I. Ohm's Law by the Simple Method
The student is issued an ammeter (with letter I adjacent, for current) to measure the amperes, and a voltmeter (with E adjacent) to denote volts or emf at that point, and a set of 5 unknown or test resistors, as well as a battery or other emf source.
For each test resistor inserted, the student records the voltage and current in volts and amps, then obtains the resistance using:
R = E/ I = V/I
At the end of the experiment the student is given the actual resistor values which he must compare with the empirical or test values he found, and then estimate the percentage error for each.
II. Wheatstone Bridge Method:
This circuit is connected as shown in diagram Fig. 1(b). In this case, the unknown resistance R(x) is wired in as shown. The instrument denoted by (G) is a galvanometer.
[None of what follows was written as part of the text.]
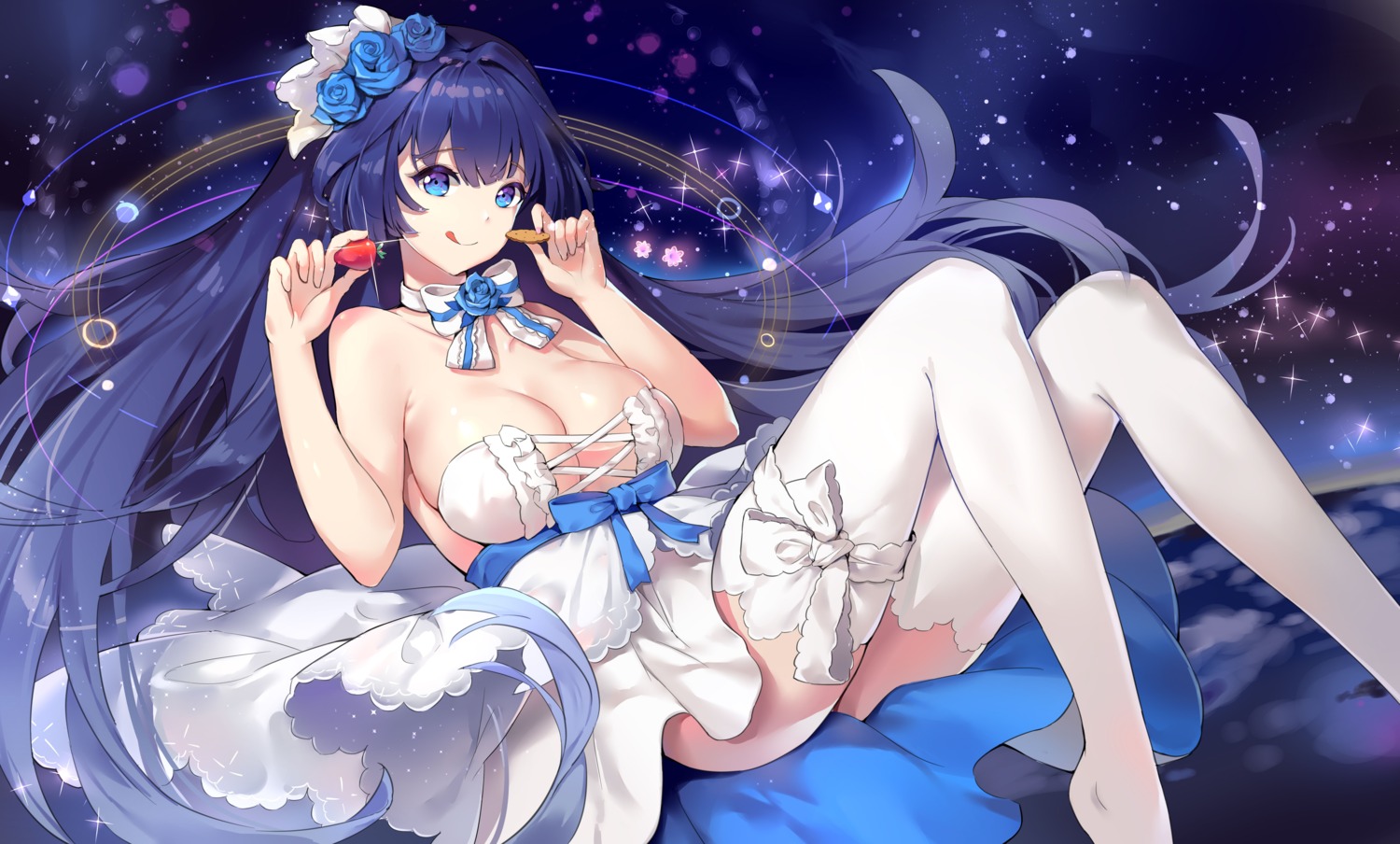 benghuai_xueyuan cleavage lazy_scorpion no_bra raiden_mei thighhighs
The known resistance is denoted R, and the student adjusts or moves a clip along a length of wire from A to B yielding different lengths L1 and L2. At specific points where 'C' is located on AB, the galvanometer will read 0 (N.B. the value R should be chosen before hand so that point C falls on the middle third of AB when G reads zero).
In performing the Ohm's law experiment (to find an unknown resistance R(x)) a student at Harrison College makes the following measurements:
Length AC = 35 cm
Length CB = 65 cm
R = 5 ohms
G = 0
Using this data, find the value of R(x):
R(x) / R = (AC)/ (BC)
R(x)/ 5 ohms = 35/65 = 7/13
Therefore: R(x) = 5 ohms (7/13) = 2.7 ohms
1) A 12 V battery has an internal resistance of 2 ohms. If it is connected in series with a voltmeter and another resistance R = 4 ohms, what would the voltmeter read? What would an ammeter read placed in the same circuit?
2) A Wheatstone Bridge circuit is connected as shown in Fig. 1(b). The galvanometer is found to read zero when point C is located exactly midway along a wire 1m in length (e.g. connecting A and B in the diagram). A known resistance coil R is used which is made of copper (rho = 1.72 x 10^-8 ohm-m) and is 50 m long, wound tightly in a coil.
a) If the cross sectional area A = πr^2 and r = 0.001m, find the value of R(x).
b) If a new resistor R made up of 100m length of the same copper wire is then used, then how must the lengths L1 and L2 change to achieve a galvanometer reading of zero?